Common Causes of Lung Cancer in Non-Smokers Include:
Radon: Second to smoking, radon is the leading cause of lung cancer in the United States. Radon is an invisible, odorless, and tasteless gas that occurs naturally in rocks, soil, and water but can become an indoor air pollutant when it seeps into buildings through cracks or holes. The EPA estimates that roughly 21,000 lung cancer deaths each year are caused by radon, but you can protect yourself by having your home tested and taking measures to reduce radon levels if needed.
Secondhand smoke: Exposure to smoke from other people’s cigarettes, cigars, and pipes can significantly increase a person’s risk of cancer. For this reason, it is very important to protect yourself and others from secondhand smoke.
Carcinogens in the workplace: People who are frequently exposed to cancer-causing agents in the workplace such as arsenic, uranium, asbestos, and diesel exhaust should take steps to protect themselves by following any workplace safety protocols, wearing personal protective equipment, and limiting exposure.
Genetic predisposition: If you have a family history of lung cancer or a personal history of another type of cancer, you are at increased risk for lung cancer.

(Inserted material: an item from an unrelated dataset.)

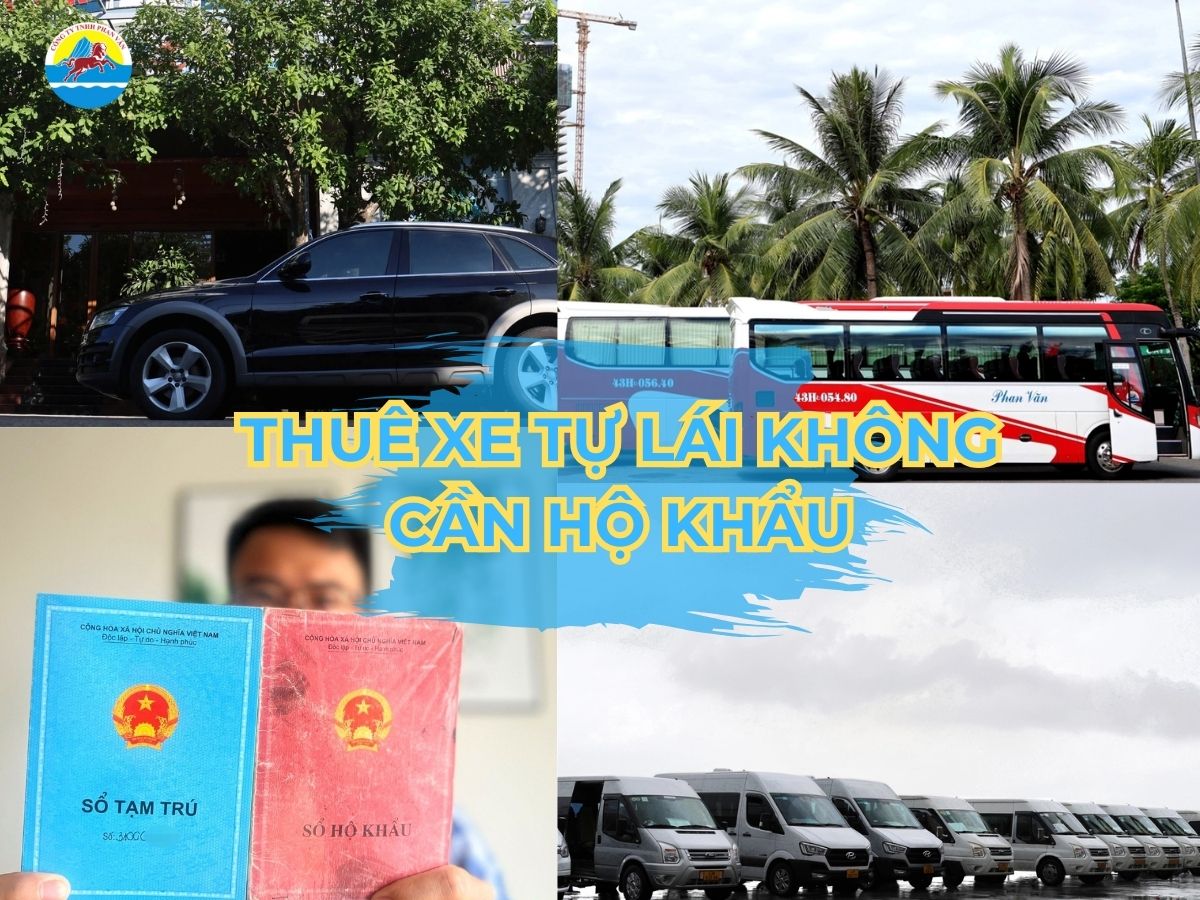 Thuê xe tự lái không cần hộ khẩu – Những điều bạn cần biết sau luật sửa đổi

Lung Cancer Is Highly Treatable in Early Stages
There is a common misconception that lung cancer is exceedingly difficult to treat, but that is another harmful idea contributing to this health crisis. People may put off a diagnosis if they don’t believe there is any hope for successful treatment, but the truth is that lung cancer is highly treatable when it’s caught in the early stages. “It’s a one-day surgery or four days of radiation. You don’t even have to miss work,” Dr. Headrick says. “We have an opportunity to take a disease that has such a disruptive impact and convert it into something that’s really easy to treat.”

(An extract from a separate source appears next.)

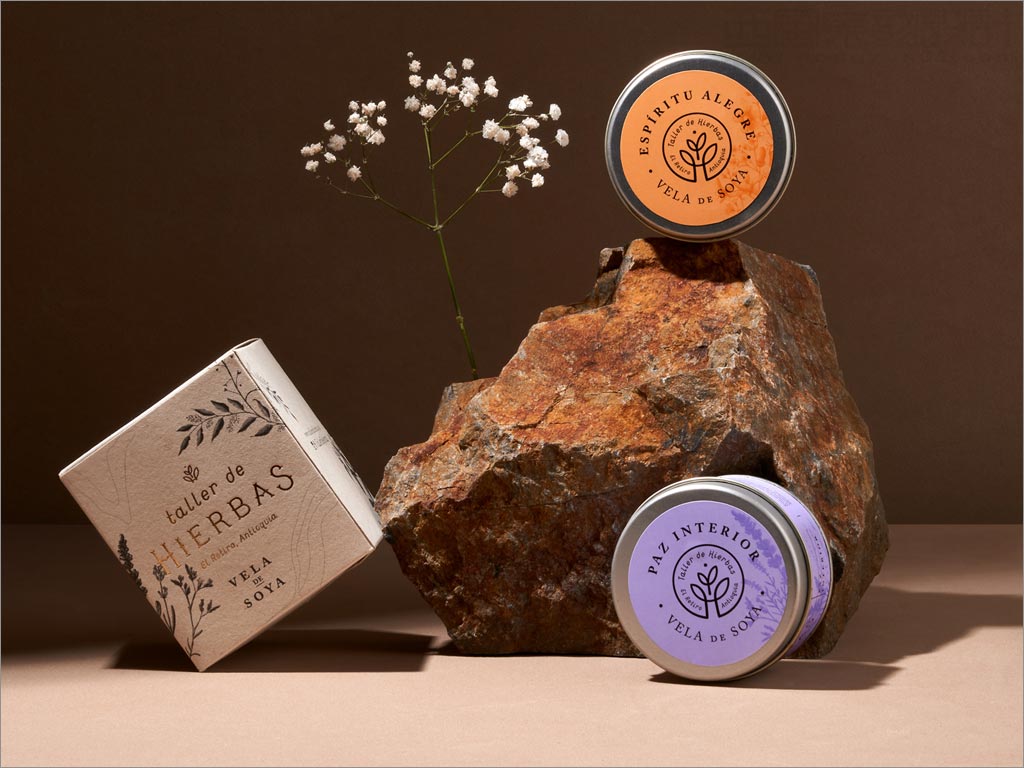 美國(guó)Taller de Hierbas護(hù)膚和健康產(chǎn)品包裝盒設(shè)計(jì)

According to Dr. Headrick, screening is one of the best ways to combat lung cancer by catching it before it becomes a more significant problem. He explains, “Lung cancer has no symptoms until it’s in the latter stages. When someone starts feeling bad and having symptoms from lung cancer, there’s an 80% chance that it has already advanced, and the prognosis is going to be extremely poor. But if we find someone with lung cancer through a screening program who has no symptoms, there’s a good chance that the cancer will be early stage and there’s a 90% chance of curing it.”
Physicians are finding new ways to make lung cancer screening more readily available in the hopes that they can catch more cases in the early stages. CHI Memorial, for instance, has implemented the Breathe Easy mobile CT scan unit, which Dr. Headrick hopes will encourage more people to be proactive about their lung health.

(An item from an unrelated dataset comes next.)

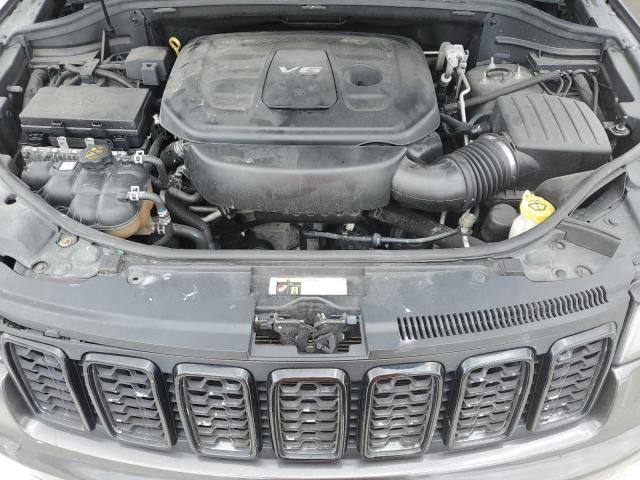 1C4RJEAG3JC288934 - 2018 JEEP GRAND CHER LAREDO GRAY photo 11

“It’s a three minute test. With the mobile unit, it’s about a seven and a half minute visit. It’s just about the easiest screening test in the world – there’s no bowel prep, there’s no scopes, there’s no pain. But the value that comes from it is incredible,” he says.
Currently, the U.S. Preventive Services Task Force recommends yearly lung cancer screening for people between 50 and 80 years old who have at least a 20 pack-year (smoking an average of one pack of cigarettes per day for one year) smoking history and currently smoke or quit within the past 15 years. These parameters are meant to identify adults who are at the highest risk of lung cancer, but Dr. Headrick believes that as our understanding of lung cancer evolves, this recommendation will evolve to focus more on family history, exposure history, and other risk factors that come into play. If you are at increased risk of lung cancer, it is certainly worth discussing screening options with your physician.